> [Exercise instructions]
Using the records below, copy exactly the part that opens with the line holding "Eine moderne Wohnung" and closes with the line holding "a bathroom with", minus the pictures.

> [Dataset content]

_ _ _ _

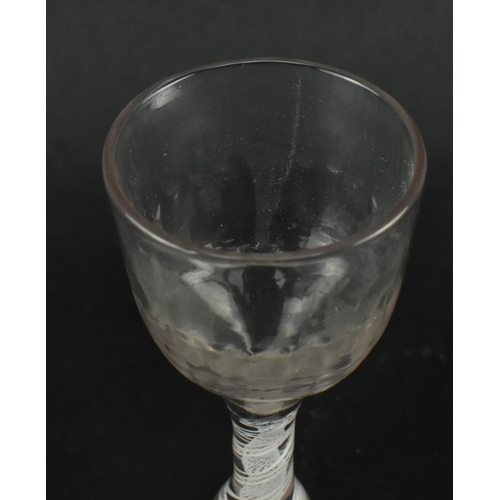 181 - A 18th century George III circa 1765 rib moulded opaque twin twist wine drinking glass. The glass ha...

_ _ _ _

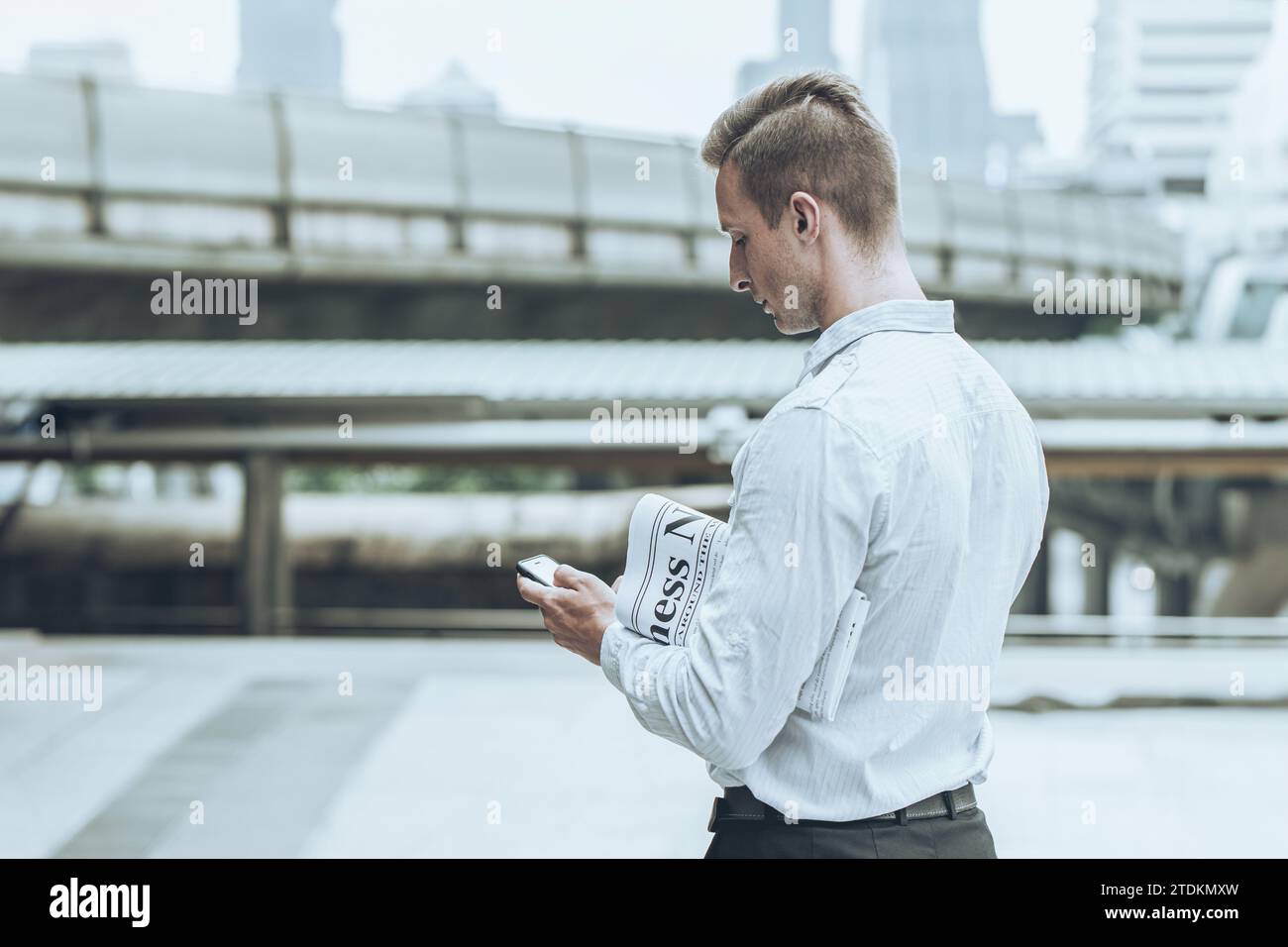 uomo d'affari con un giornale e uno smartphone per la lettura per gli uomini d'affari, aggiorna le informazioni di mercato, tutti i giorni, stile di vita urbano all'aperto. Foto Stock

_ _ _ _

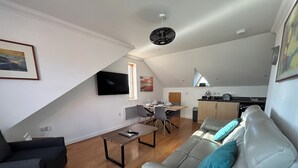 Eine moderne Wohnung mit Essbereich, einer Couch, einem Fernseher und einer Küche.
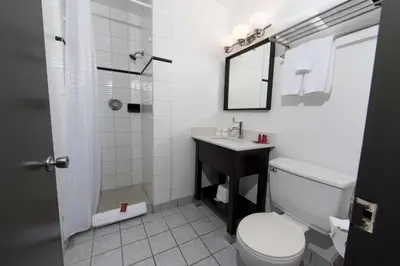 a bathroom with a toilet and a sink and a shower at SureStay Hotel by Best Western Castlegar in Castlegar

_ _ _ _

> [Exercise result]
 Eine moderne Wohnung mit Essbereich, einer Couch, einem Fernseher und einer Küche.
 a bathroom with a toilet and a sink and a shower at SureStay Hotel by Best Western Castlegar in Castlegar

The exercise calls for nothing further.